* _TASK STATEMENT_
Omit the pictures from the entries below and retype everything else exactly.

======== DATA RECORDS

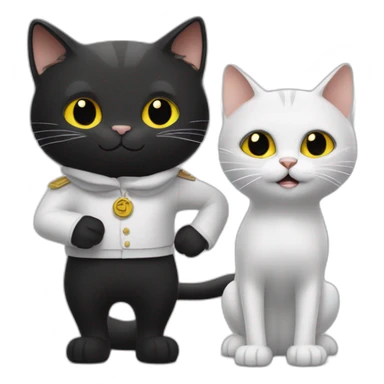 Un chat blanc et un chat noir se tenant la patte sticker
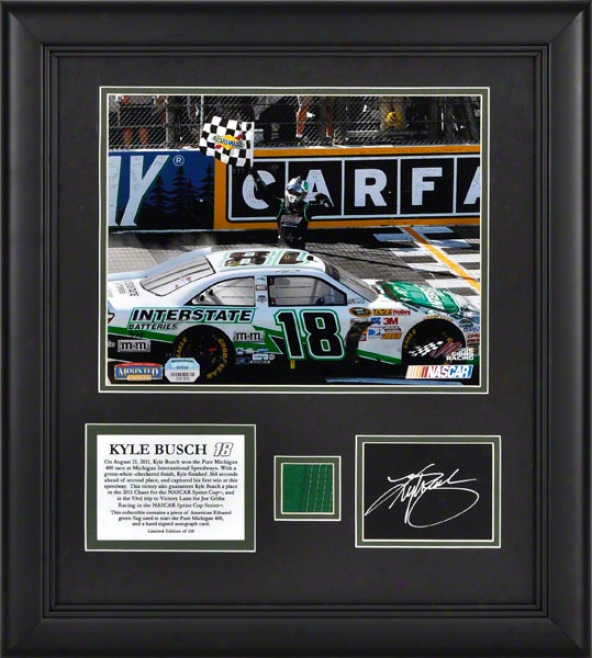 Kyle Busch Framed 8x10 Photograph  Details: 2011 Michigan 400 Victory, With Autograph Card, Green Flag - Limited Edition Of 118
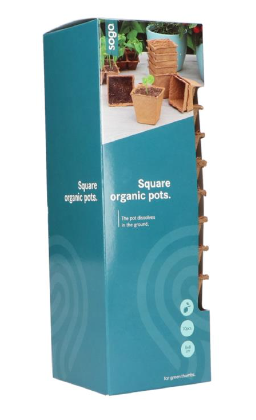 SOGO turfpotjes 8cm vierkant 10 stuks biologisch afbreekbare kweekpotjes voor zaaien en stekken verpakking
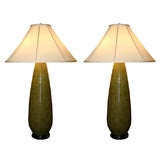 Large scale olive green ceramic lamps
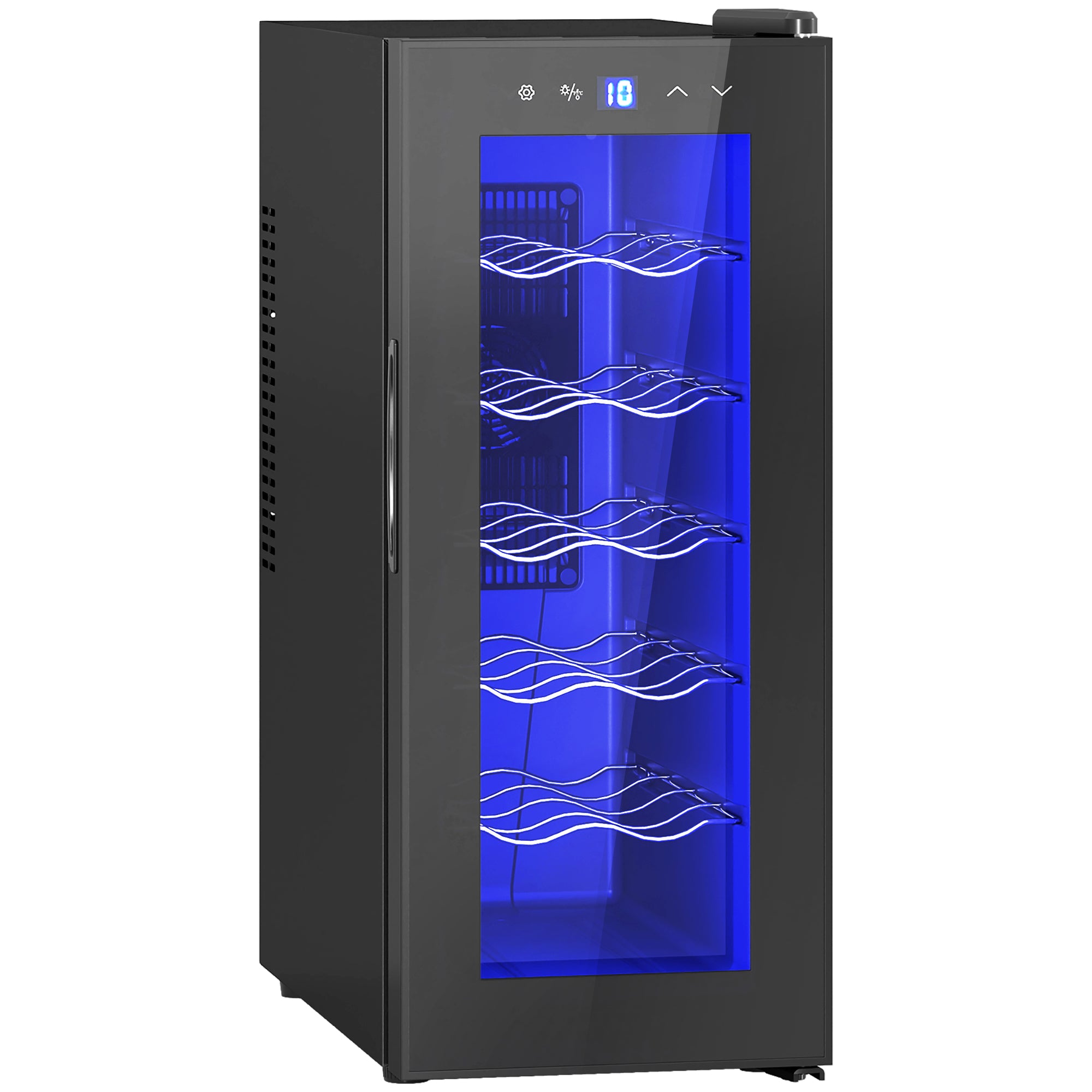 Wine Cooler 12 Bottles 30L 8-18℃ Double Thermoelectric with Glass Door, Beverage Cooler with LED Light, Small Wine Cabinet, Touch Screen, Black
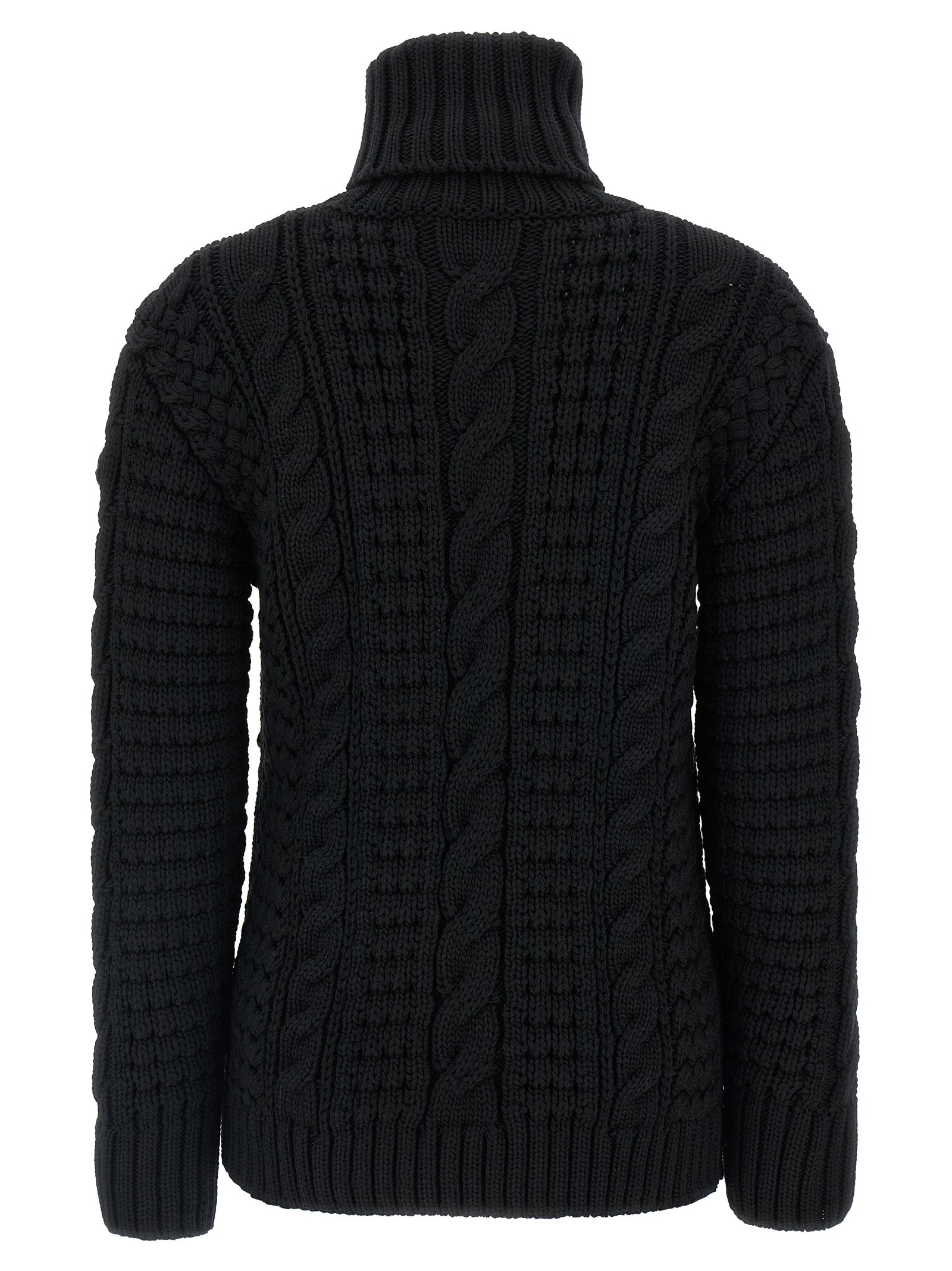 Cardigan en laine vierge noire MONCLER GENIUS, coupe classique, détails élégants, porté sur mannequin.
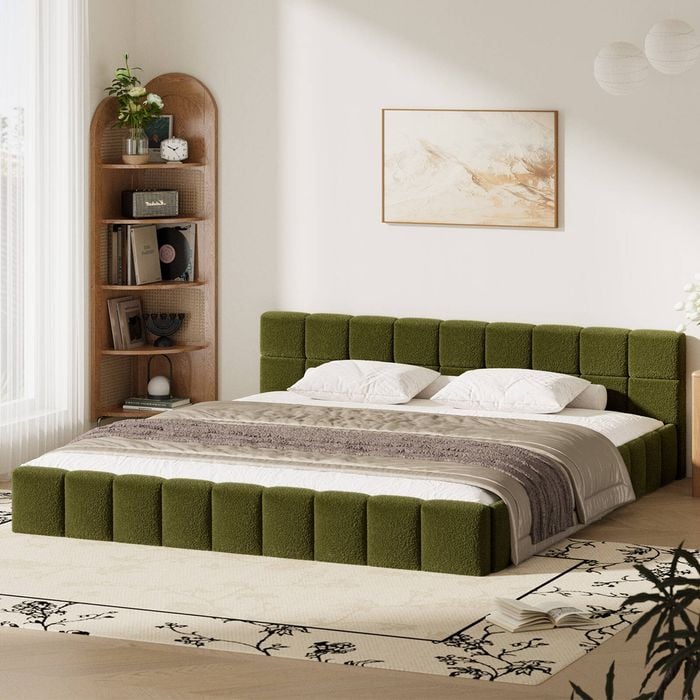 Oikiture Bed Frame King Green Boucle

================

* _REPLY TO THE EXERCISE_
 Un chat blanc et un chat noir se tenant la patte sticker
 Kyle Busch Framed 8x10 Photograph  Details: 2011 Michigan 400 Victory, With Autograph Card, Green Flag - Limited Edition Of 118
 SOGO turfpotjes 8cm vierkant 10 stuks biologisch afbreekbare kweekpotjes voor zaaien en stekken verpakking
 Large scale olive green ceramic lamps
 Wine Cooler 12 Bottles 30L 8-18℃ Double Thermoelectric with Glass Door, Beverage Cooler with LED Light, Small Wine Cabinet, Touch Screen, Black
 Cardigan en laine vierge noire MONCLER GENIUS, coupe classique, détails élégants, porté sur mannequin.
 Oikiture Bed Frame King Green Boucle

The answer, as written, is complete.